Change some parameters to improve performance

weiya711 · weiya711 · commit 90ad76406dbc · 2021-04-08T16:53:02.000-07:00
diff --git a/numpy/image.py b/numpy/image.py
@@ -3,12 +3,12 @@
 import os
 import pytest
 import sparse
-from util import ImagePydataSparseTensorLoader, safeCastPydataTensorToInts, TnsFileDumper #plot_image 
+from util import ImagePydataSparseTensorLoader, safeCastPydataTensorToInts, TnsFileDumper#, plot_image 
 
 # import matplotlib.pyplot as plt 
 
 @pytest.mark.parametrize("num", list(range(1, 99))) 
-@pytest.mark.parametrize("pt1", [0.5])
+@pytest.mark.parametrize("pt1", [0.75])
 def bench_edge_detection_pydata(tacoBench, num, pt1, plot):
         loader = ImagePydataSparseTensorLoader()
         sparse_bin_img1 = safeCastPydataTensorToInts(loader.sparse_image(num, pt1, 1))
@@ -44,7 +44,7 @@ def dense_bench():
             #plot_image(loader.img[num], bin_img1, bin_img2, xor_img, sparse_xor_img, t1, t2)
 
 @pytest.mark.parametrize("num", list(range(1, 99))) 

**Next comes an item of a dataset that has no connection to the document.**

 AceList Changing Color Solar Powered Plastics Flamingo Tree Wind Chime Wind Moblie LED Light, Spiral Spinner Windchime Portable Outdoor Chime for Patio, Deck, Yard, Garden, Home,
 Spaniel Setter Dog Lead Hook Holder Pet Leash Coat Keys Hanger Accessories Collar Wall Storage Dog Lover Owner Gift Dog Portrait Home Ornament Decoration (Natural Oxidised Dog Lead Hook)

-@pytest.mark.parametrize("pt1", [0.5])
+@pytest.mark.parametrize("pt1", [0.75])
 def bench_edge_detection_dense(tacoBench, num, pt1):
         loader = ImagePydataSparseTensorLoader()
         bin_img1 = loader.dense_image(num, pt1, 1) 
@@ -56,7 +56,7 @@ def dense_bench():
         tacoBench(dense_bench)
 
 @pytest.mark.parametrize("num", list(range(1, 99))) 
-@pytest.mark.parametrize("pt1", [0.5])
+@pytest.mark.parametrize("pt1", [0.75])
 def bench_edge_detection_fused_pydata(tacoBench, num, pt1, plot):
         loader = ImagePydataSparseTensorLoader()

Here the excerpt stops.